MSC Group’s inland logistics arm Medlog is set to cut barge transportation tariffs by nearly 50% on Dhaka-linked routes, a move aimed at diverting cargo away from congested road corridors and strengthening Bangladesh’s inland waterway logistics network.
Industry sources said the revised pricing will apply to containerised cargo moving between Dhaka’s inland container depots (ICDs) and key river ports, improving the cost competitiveness of barge services vis-à-vis trucking. The initiative is expected to benefit exporters and importers by lowering inland haulage costs while also reducing transit time variability caused by chronic road congestion.
Medlog, which works closely with MSC’s ocean shipping services, has been expanding its multimodal footprint in South Asia, with a focus on integrating river transport into end-to-end supply chains. In Bangladesh, inland waterways play a critical role in connecting Dhaka with Chattogram Port, the country’s main maritime gateway, yet road transport continues to dominate container movement.
By sharply reducing barge fares, Medlog is seeking to accelerate modal shift toward waterways, which offer higher capacity, lower emissions and improved safety compared to road transport.
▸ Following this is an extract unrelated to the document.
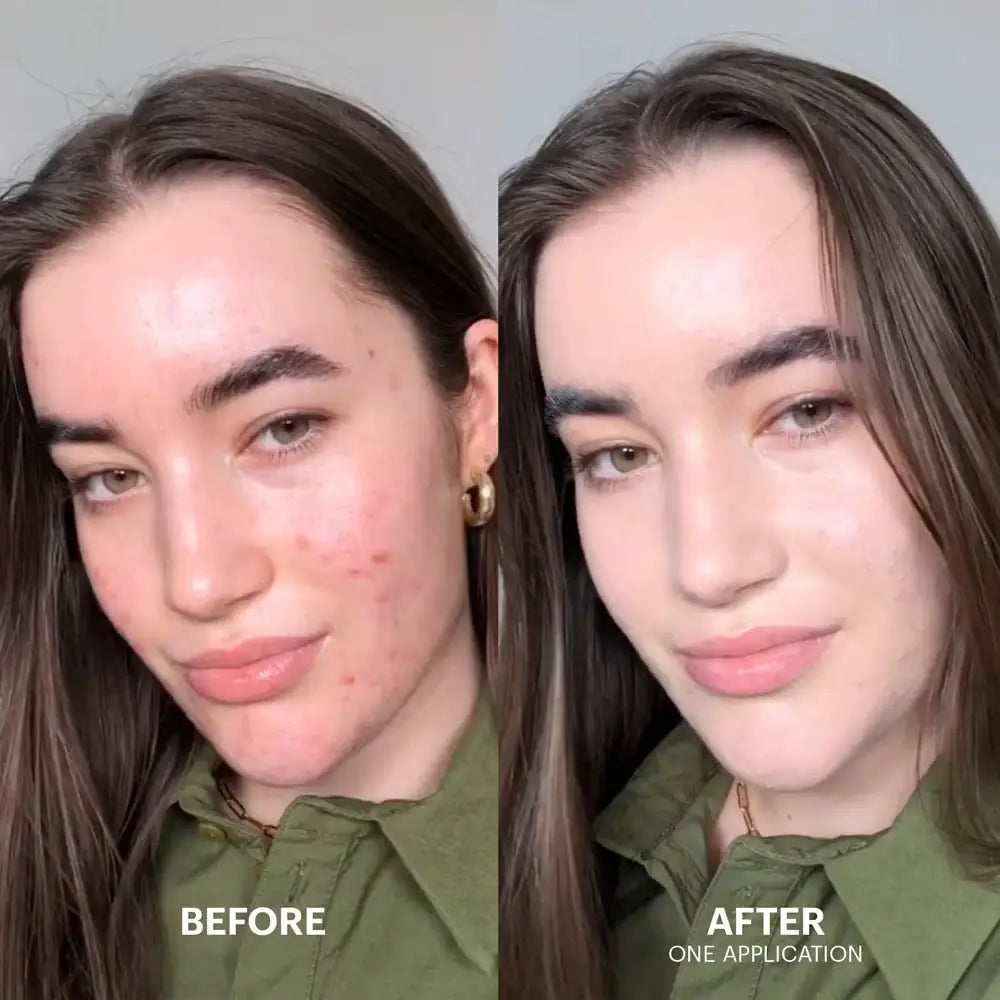 Dr. Jart+ Cicapair Tiger grass color correcting treatment Gezichtsresultaat voor en na: teint lijkt egaler na één behandeling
Logistics experts note that increased barge utilisation could also ease pressure on highways leading to Chattogram, which frequently face bottlenecks, especially during peak export seasons.
The move aligns with broader government efforts in Bangladesh to promote inland water transport as a sustainable logistics solution. If successful, the pricing strategy could prompt other logistics operators to review their tariffs, potentially reshaping the country’s inland container transport market.
Medlog has not disclosed the timeline for implementation, but market participants expect the revised rates to come into effect in the near term, subject to operational readiness and customer uptake.